Non sarà a Buenos Aires, sua città natale; non sarà a Dubai o Doha o altre mete scelte per interessi degli sponsor. Sarà a Napoli!

La città partenopea è stata scelta dalla Fifa come sede, nel prossimo dicembre o gennaio, della partita valida per la Copa Maradona che vedrà lo scontro tra l’Argentina, campione della Coppa America, e l’Italia, vincitrice dei Campionati Europei. Un tributo al D10S del calcio che, ormai leggenda, sembra aver guidato dall’alto dei cieli le costellazioni affinché favorisse le vittorie delle due nazioni in cui si è realizzato come calciatore.

Ma la partita come evento sportivo, tra l’altro già vissuto 31 anni fa, non mi interessa. Passa in secondo piano.

Il fatto rilevante è aver deciso di farla giocare a Napoli, allo stadio Diego Armando Maradona, ex San Paolo. Quasi come se Diego, nell’immaginario collettivo, si identifichi innanzitutto e prevalentemente con Napoli. E poi fosse anche argentino.

La Copa Maradona in quello stadio ha lo stesso significato di un premio alla drammaturgia eduardiana al teatro San Ferdinando. L’habitat antropologicamente naturale in cui respirare l’anima degli immensi. Voglio pensarla così. Da fratello minore (non solo anagraficamente) di Diego e di Eduardo.

Perché il processo di identificazione di Maradona con Napoli e i napoletani si basa su due presupposti psicologici.

Il primo tiene conto del fatto che, citando Jean Laplanche, l’identificazione è “un processo psicologico con il quale un soggetto assimila un aspetto, una proprietà, un attributo, un comportamento di un luogo e si trasforma, totalmente o parzialmente sul modello di questo fino ad influenzarne la personalità”. La costruzione dell’identità personale, in altri termini, passa attraverso l’interazione della persona con l’ambiente e l’interiorizzazione del contesto sociale in cui si è inseriti.

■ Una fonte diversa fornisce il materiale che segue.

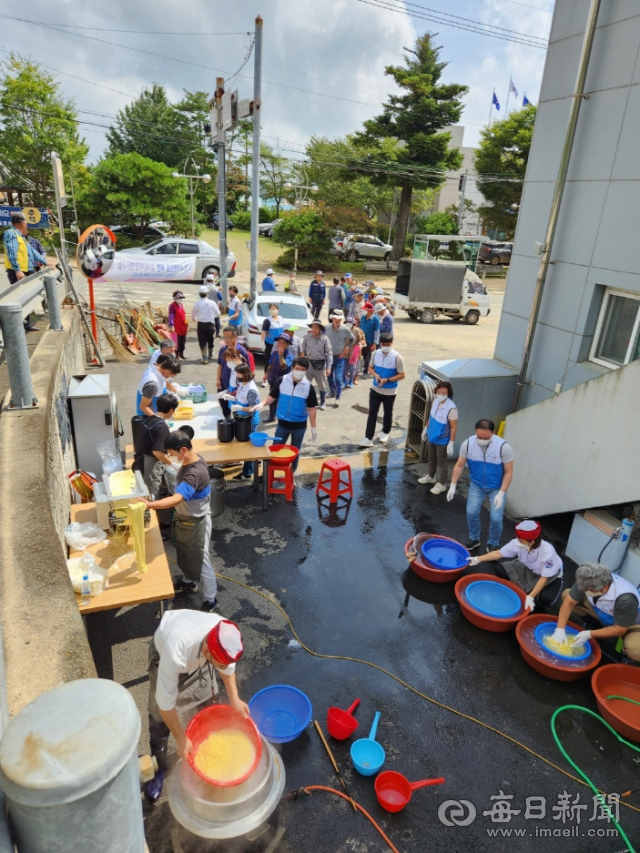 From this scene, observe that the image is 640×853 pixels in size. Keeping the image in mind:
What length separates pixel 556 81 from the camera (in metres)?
7.83

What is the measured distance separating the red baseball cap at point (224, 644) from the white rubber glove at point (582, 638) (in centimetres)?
353

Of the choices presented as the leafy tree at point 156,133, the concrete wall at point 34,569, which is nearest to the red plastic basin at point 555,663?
the concrete wall at point 34,569

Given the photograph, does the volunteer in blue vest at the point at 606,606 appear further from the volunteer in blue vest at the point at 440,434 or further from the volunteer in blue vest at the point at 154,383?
the volunteer in blue vest at the point at 154,383

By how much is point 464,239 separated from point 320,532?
2393 centimetres

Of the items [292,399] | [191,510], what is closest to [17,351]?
[191,510]

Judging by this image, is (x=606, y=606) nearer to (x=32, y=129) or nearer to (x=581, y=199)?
(x=581, y=199)

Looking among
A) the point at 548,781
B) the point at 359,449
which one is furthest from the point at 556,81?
the point at 548,781

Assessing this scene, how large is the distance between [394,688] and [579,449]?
3.76 meters

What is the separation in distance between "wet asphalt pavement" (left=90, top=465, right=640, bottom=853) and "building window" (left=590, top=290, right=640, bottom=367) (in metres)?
2.97

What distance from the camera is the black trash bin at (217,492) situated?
713cm

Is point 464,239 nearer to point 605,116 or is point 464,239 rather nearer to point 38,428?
point 605,116

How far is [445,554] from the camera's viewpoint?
6531 mm

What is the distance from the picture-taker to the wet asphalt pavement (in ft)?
12.2

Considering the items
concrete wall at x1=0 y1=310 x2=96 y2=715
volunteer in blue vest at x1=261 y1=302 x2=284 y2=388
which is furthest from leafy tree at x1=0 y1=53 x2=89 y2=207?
concrete wall at x1=0 y1=310 x2=96 y2=715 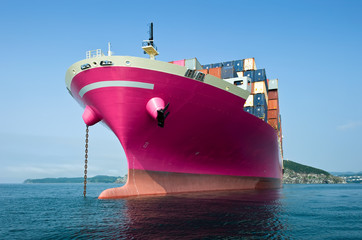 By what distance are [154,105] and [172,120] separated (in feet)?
6.02

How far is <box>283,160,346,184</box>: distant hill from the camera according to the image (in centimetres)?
13838

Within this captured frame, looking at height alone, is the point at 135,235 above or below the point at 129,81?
below

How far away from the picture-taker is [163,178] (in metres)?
17.7

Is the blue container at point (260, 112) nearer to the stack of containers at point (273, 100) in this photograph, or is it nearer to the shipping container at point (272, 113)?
the shipping container at point (272, 113)

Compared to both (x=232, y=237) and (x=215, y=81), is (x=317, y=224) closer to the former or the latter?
(x=232, y=237)

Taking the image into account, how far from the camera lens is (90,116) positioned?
699 inches

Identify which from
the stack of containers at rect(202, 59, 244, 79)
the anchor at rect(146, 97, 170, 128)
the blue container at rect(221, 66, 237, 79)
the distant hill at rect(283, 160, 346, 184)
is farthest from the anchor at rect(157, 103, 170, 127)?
the distant hill at rect(283, 160, 346, 184)

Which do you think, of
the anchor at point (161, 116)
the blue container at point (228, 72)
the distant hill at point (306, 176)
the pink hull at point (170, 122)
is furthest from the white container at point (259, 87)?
the distant hill at point (306, 176)

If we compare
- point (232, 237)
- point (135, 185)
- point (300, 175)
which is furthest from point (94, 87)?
point (300, 175)

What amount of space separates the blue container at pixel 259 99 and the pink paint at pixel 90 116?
55.1ft

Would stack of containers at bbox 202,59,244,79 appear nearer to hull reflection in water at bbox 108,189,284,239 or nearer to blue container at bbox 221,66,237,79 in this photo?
blue container at bbox 221,66,237,79

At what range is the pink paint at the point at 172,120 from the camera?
50.7ft

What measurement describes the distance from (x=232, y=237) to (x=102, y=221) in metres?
5.09

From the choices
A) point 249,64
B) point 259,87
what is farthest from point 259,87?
point 249,64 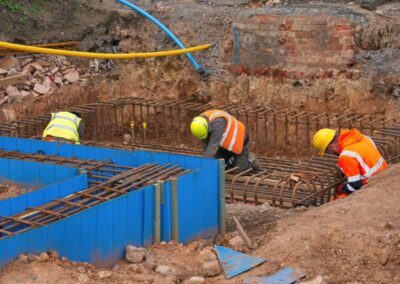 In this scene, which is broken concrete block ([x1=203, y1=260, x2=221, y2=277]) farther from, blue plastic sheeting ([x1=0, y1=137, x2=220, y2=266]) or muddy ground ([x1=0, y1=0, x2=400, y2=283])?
blue plastic sheeting ([x1=0, y1=137, x2=220, y2=266])

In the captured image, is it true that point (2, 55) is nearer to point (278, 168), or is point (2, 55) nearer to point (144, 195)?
point (278, 168)

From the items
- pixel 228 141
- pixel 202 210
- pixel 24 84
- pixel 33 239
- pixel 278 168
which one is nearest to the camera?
pixel 33 239

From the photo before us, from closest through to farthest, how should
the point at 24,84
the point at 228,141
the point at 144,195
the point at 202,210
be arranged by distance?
1. the point at 144,195
2. the point at 202,210
3. the point at 228,141
4. the point at 24,84

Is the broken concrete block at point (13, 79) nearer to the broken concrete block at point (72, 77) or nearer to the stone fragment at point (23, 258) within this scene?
the broken concrete block at point (72, 77)

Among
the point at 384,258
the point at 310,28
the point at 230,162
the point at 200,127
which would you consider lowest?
the point at 230,162

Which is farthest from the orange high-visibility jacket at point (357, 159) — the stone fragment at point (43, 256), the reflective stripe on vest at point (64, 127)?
the stone fragment at point (43, 256)

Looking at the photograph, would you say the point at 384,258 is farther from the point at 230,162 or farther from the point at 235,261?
the point at 230,162

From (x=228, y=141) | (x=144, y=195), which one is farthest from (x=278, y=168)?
(x=144, y=195)

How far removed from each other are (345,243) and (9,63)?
998 centimetres

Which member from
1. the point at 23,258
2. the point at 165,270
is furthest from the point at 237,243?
the point at 23,258

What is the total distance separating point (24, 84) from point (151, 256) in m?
8.54

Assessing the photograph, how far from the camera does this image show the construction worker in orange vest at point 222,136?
11078mm

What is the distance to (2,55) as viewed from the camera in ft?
52.3

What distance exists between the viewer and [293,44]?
584 inches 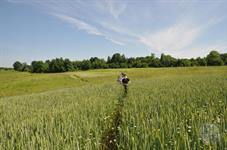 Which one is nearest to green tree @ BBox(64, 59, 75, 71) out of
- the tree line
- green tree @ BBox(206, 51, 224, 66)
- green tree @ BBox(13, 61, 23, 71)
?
the tree line

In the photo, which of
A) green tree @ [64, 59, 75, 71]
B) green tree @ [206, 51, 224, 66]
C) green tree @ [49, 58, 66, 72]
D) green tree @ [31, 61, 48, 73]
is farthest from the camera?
green tree @ [31, 61, 48, 73]

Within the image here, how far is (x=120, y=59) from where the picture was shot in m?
128

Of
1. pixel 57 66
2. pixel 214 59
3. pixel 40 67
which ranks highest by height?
pixel 214 59

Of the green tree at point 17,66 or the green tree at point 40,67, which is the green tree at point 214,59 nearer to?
the green tree at point 40,67

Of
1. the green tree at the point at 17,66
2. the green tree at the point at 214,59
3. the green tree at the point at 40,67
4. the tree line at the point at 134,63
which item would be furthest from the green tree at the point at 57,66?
the green tree at the point at 214,59

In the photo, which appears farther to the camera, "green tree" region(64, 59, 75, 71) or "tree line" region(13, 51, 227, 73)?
"green tree" region(64, 59, 75, 71)

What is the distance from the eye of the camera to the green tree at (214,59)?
102 m

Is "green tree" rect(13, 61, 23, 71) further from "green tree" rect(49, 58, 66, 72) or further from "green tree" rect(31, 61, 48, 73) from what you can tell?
"green tree" rect(49, 58, 66, 72)

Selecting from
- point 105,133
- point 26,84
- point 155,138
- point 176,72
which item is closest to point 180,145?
point 155,138

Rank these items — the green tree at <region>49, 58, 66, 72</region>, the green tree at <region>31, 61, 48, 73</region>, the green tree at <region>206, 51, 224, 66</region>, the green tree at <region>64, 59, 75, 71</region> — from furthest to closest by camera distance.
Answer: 1. the green tree at <region>31, 61, 48, 73</region>
2. the green tree at <region>49, 58, 66, 72</region>
3. the green tree at <region>64, 59, 75, 71</region>
4. the green tree at <region>206, 51, 224, 66</region>

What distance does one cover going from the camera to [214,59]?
103 meters

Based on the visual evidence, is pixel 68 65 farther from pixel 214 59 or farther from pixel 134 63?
pixel 214 59

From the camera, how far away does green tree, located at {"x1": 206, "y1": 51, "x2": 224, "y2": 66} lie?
102 m

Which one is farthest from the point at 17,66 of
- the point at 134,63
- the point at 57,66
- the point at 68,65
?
the point at 134,63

In sintesi Diego è solo nato anagraficamente a Buenos Aires, ma è rinato a Napoli come re. Re dei lazzari felici di aver trovato in lui il nuovo Masaniello, quello che ebbe il coraggio di schierarsi contro il sistema dalla parte dei più deboli. Lui, il calciatore dal talento irripetibile, il rivoluzionario capace di trasformare il calcio in opera d’arte disegnando traiettorie impossibili, sfidando leggi di gravità con quel suo sinistro capace di far gonfiare la rete. Lui re degli scugnizzi, del popolo di una città da sempre messa all’angolo, dilaniata dal terremoto e dalle lunghe mani della camorra sempre pronta ad insanguinare le sue strade, a sporcarla e a farla sbattere sempre in prima pagina come un mostro, una città perduta e irrecuperabile. E lo comprese, purtroppo, immediatamente.

La dinamica identitaria implica però anche una seconda dimensione: nello stesso tempo che noi ci rendiamo simili ad altri, noi miriamo a distinguerci, a rivendicare quella distintività. Perché l’identità è sempre appartenenza: a un luogo, a un sistema culturale, ad un contesto sociale.

“Questo successo mi ha reso più felice (della vittoria della coppa del mondo) perché ho vinto a casa mia”, ripeteva Diego al San Paolo di Napoli il 10 maggio 1987, giorno del primo scudetto del Napoli, ai microfoni di un affannato Giampiero Galeazzi. E a casa sua, quel luogo dove vengono custoditi i nostri ricordi, dove continueranno sempre ad esistere parti di noi e dei nostri cari, ci sarà sempre posto per il bel calcio.